START SUPPLIED INFORMATION

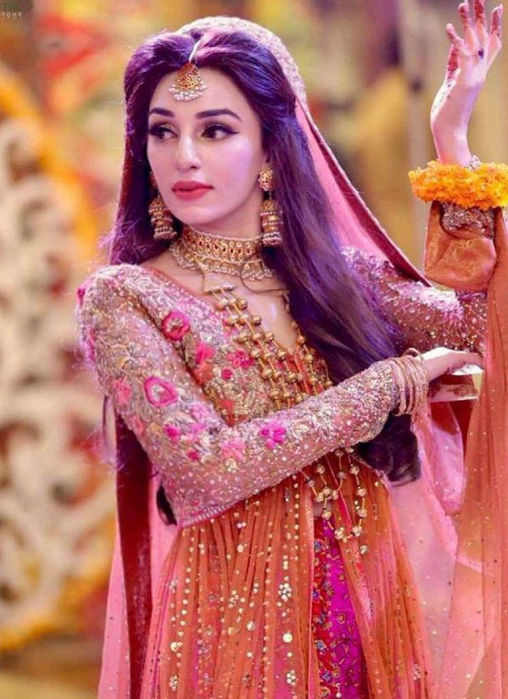 Saba Abbas Balouch In A Burnt Orange And Magenta Pink Kalidaar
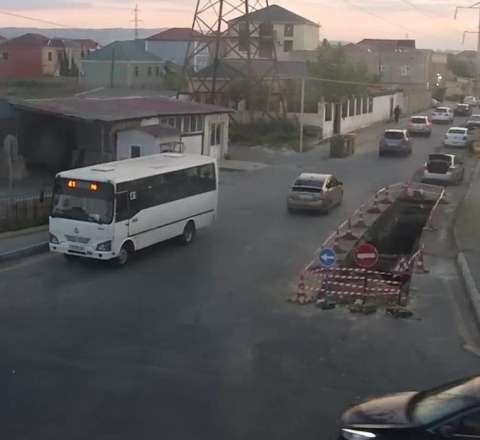 Binəqədidə bağlanan yol açıldı 
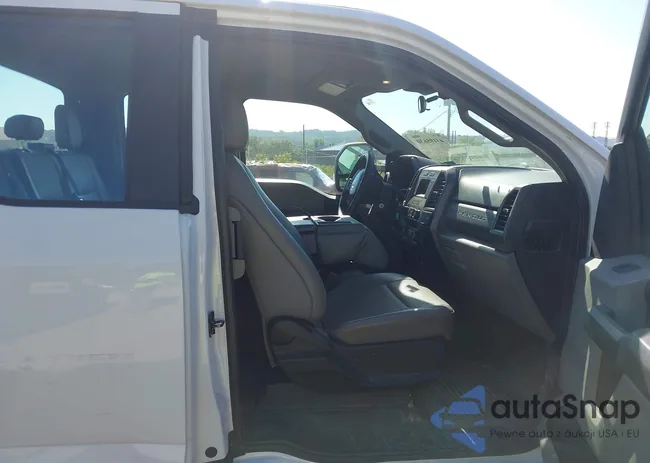 1FT7X2B6XLEE22713: 43195630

END SUPPLIED INFORMATION

Give every line of the listing above again, exactly, with no images.

- **SOLUTION BELOW**
 Saba Abbas Balouch In A Burnt Orange And Magenta Pink Kalidaar
 Binəqədidə bağlanan yol açıldı 
 1FT7X2B6XLEE22713: 43195630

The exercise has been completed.